Now, down on the shoreline, I look out at the only slice of the Columbia which in any way resembles the river seen by Winthrop, and Lewis and Clark. I toss a piece of wood into the water, and it quickly disappears. Unlike the rest of the backed-up Columbia, the river here has a current of mystery and strength. Several generations of history haunt this pla
ce. On level ground next to the river is a trio of aging willows, planted for shade by homesteaders who were chased off the land when the bomb builders took over, a rough collision of two eras. Across the river, in the foreground, is a tree with nine blue herons perched on its limbs; in the background is an abandoned nuclear reactor.
Arrowheads and chipped tools from the Wanapums, who have lived in the upper Columbia for centuries, are littered on the beach of a small island separated from the shore by a shallow stretch. Undisturbed, never buried by water from the dams, the island looks as if the natives left just yesterday. They built pit houses here during the salmon season and crafted bowls and weapons while drying fish for the winter. I can still see the shelters carved into the bank of the island, and rock flakes near their encampments. Later, when I talk to a few members of the Wanapum tribe—there are only a handful left, clustered in a village upstream—they say the Hanford Reach is sacred country, full of burial sites. “I wish they would just leave it alone,” says Patrick Wyena, as he sips beer with five other Wanapums.
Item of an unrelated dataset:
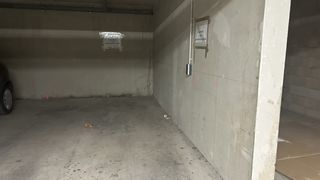  Parking / Garage � louer 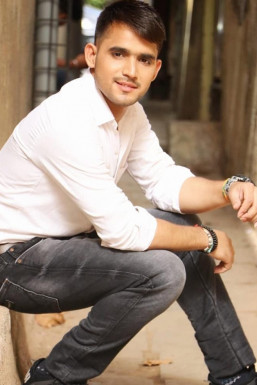 Manish Mishra - Model in Mumbai | www.dazzlerr.com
The graveled river bottom here, unstirred by the earth-movers, is home to the biggest natural chinook spawning ground in continental America. About half a million fish a year return to the reach to spawn and die. There is no need for multi-million-dollar hatcheries; all that these big kings need to propagate is for the Hanford Reach to stay the way it’s been. Also lurking in these depths are sturgeon. An Ice Age survivor, prehistoric in appearance and size, Columbia River sturgeon can grow to two thousand pounds or more and live for a century. When they break the surface of the water, it is as if the Loch Ness monster had arrived from Scotland.